── RECORDS FOR THE EXERCISE
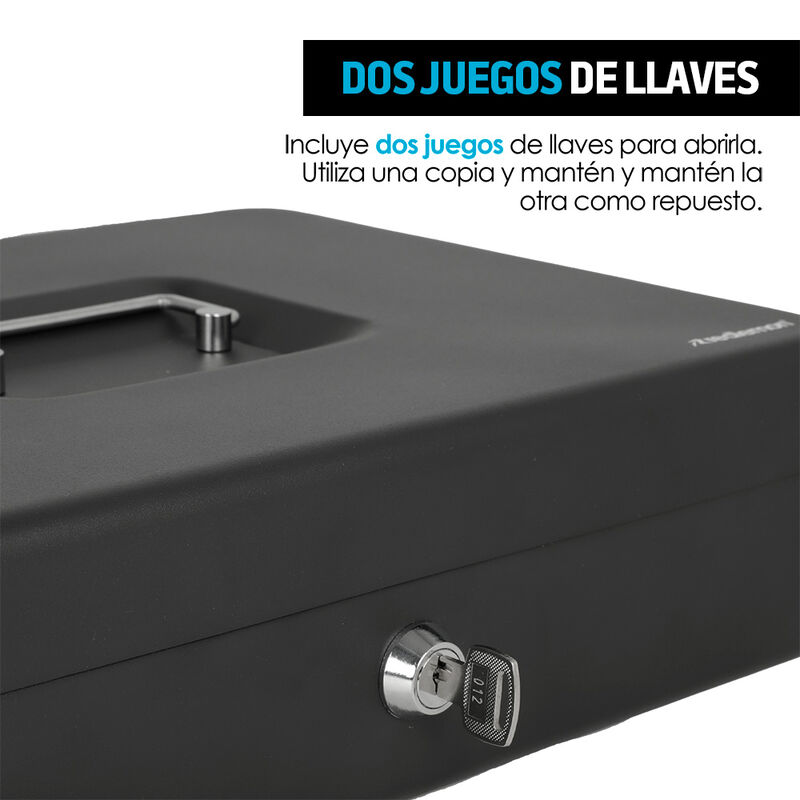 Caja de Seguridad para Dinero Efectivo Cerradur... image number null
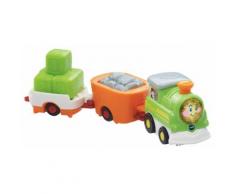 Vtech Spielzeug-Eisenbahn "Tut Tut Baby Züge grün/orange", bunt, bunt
────
── RECORDS FOR THE EXERCISE
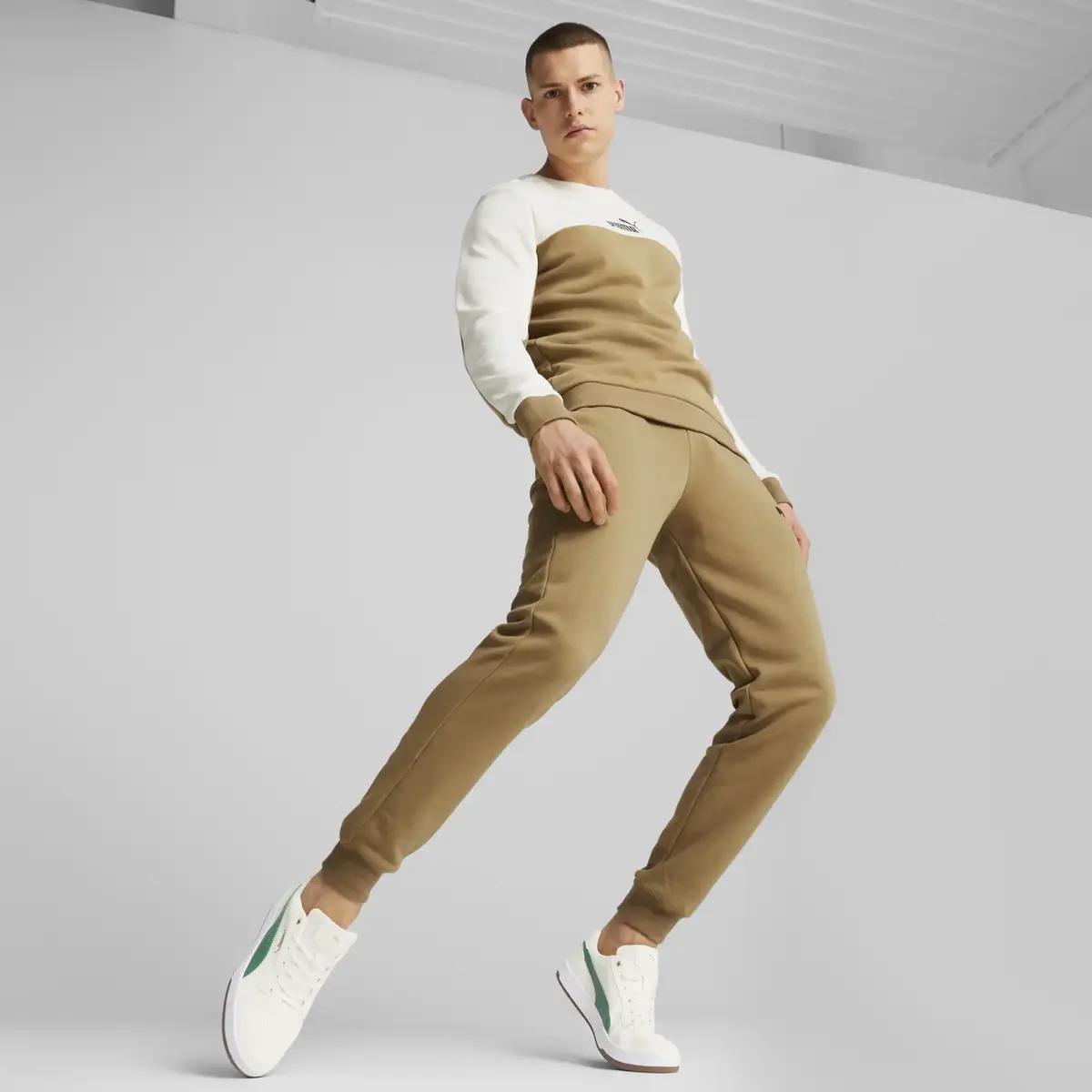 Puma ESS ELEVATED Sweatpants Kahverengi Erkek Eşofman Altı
────
**INSTRUCTIONS TO FOLLOW:**
In the records above, copy exactly everything from the line that has "Caja de Seguridad" down to the line that has "Tut Baby Züge", both ends included, and leave out the pictures.

**WRITTEN SOLUTION:**
 Caja de Seguridad para Dinero Efectivo Cerradur... image number null
 Vtech Spielzeug-Eisenbahn "Tut Tut Baby Züge grün/orange", bunt, bunt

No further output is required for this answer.